External metals are always a problem, though. You can incorporate
accelerometer data which kinda helps to protect against quick transients.

------
sgnelson
It should be mentioned that there are multiple "norths." And while it's
generally not a big deal for most uses, if you feel that you need a compass so
bad that you have to implant it into yourself, you probably want the most
accurate system that you can have. I don't see anything about this on their
website. Such as how do you set Magnetic declination? (My guess, you don't).

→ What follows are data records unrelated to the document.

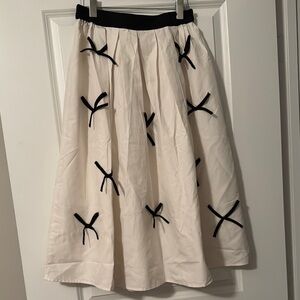 Elegant White Skirt with Black Accent Bows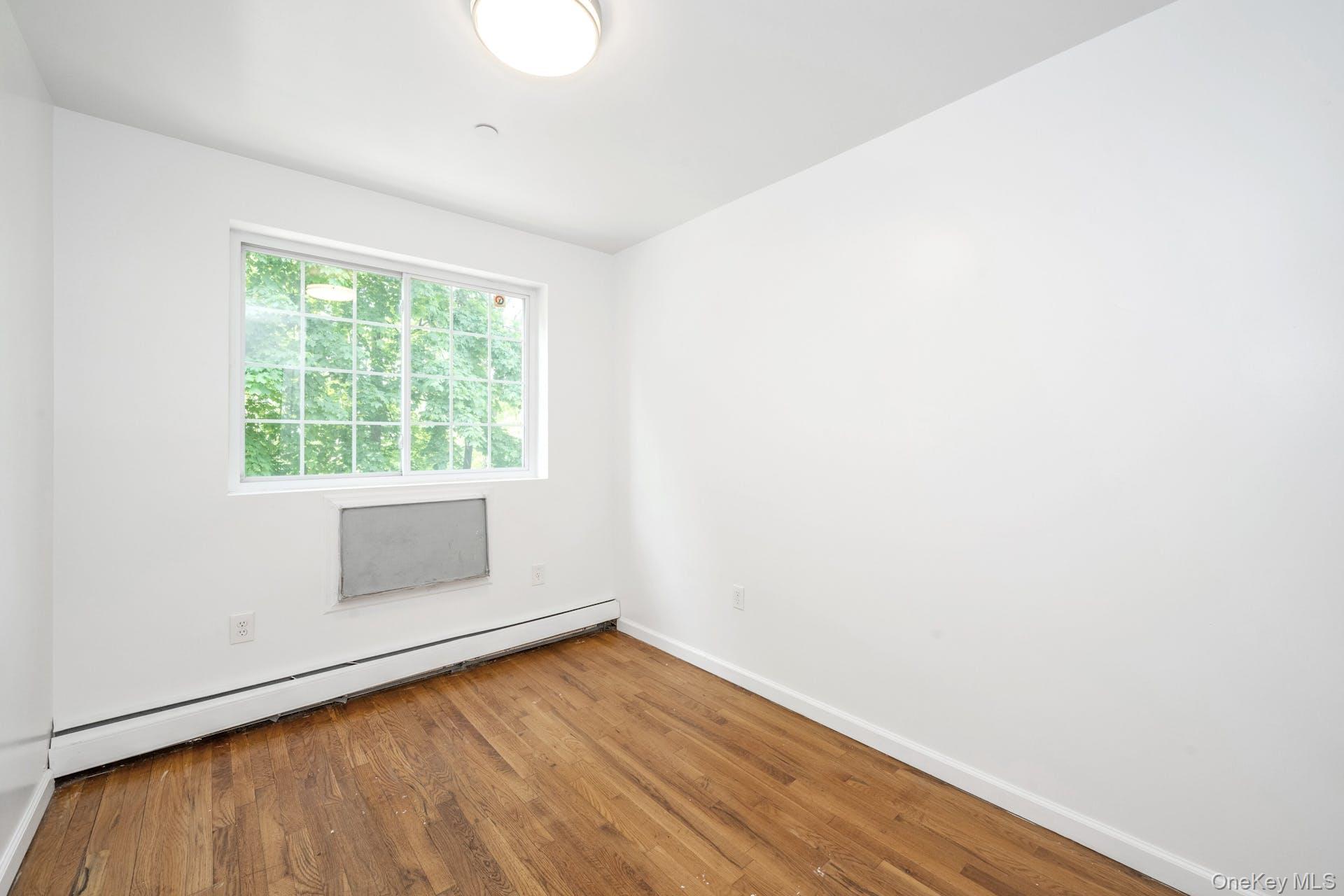 3313 Rombouts Avenue Bronx, NY 10475 - Photo 20 of 44 a view of an empty room with wooden floor and a window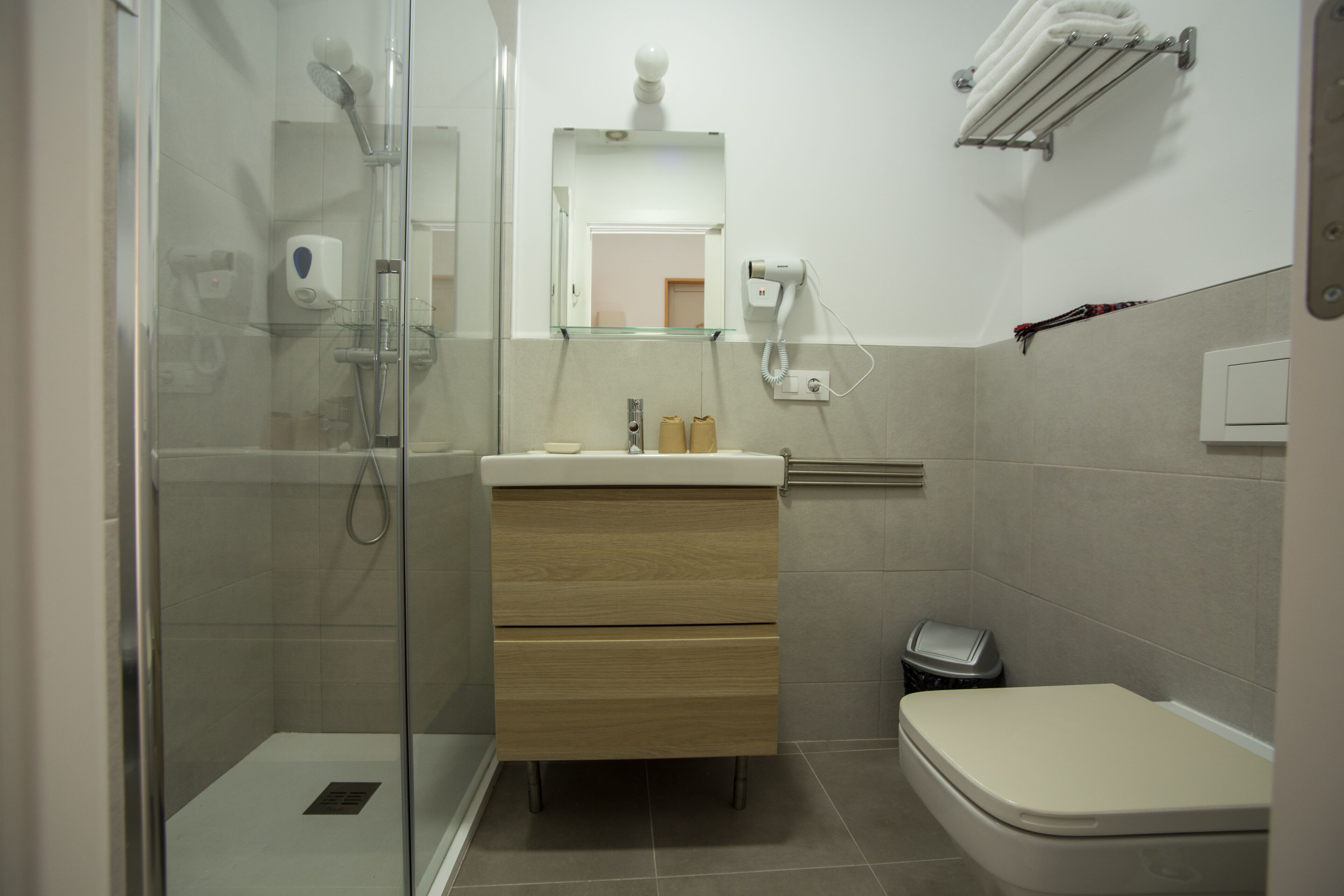 A modern bathroom with a glass-enclosed shower, a wooden vanity with a mirror, and a toilet.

The earth's magnetic filed is an incredibly complex system. I know this is
more about the "implantability" rather than the compass, but still, something
to keep in mind.

For more information:
[https://en.wikipedia.org/wiki/Magnetic_declination](https://en.wikipedia.org/wiki/Magnetic_declination)

[https://en.wikipedia.org/wiki/Earth's_magnetic_field](https://en.wikipedia.org/wiki/Earth's_magnetic_field)

------
mathgeek
I'm really struggling to see why you'd want to install this in your body
rather than just having it on your person. Is vibration really enhanced by
implanting it?

Also, this won't be you "closer to nature" because humans are not naturally
attuned to physically know when we are facing north.

Perhaps more importantly, how annoying would this be if every time you rolled
over at night, you faced true north and got a nice vibration to wake you up.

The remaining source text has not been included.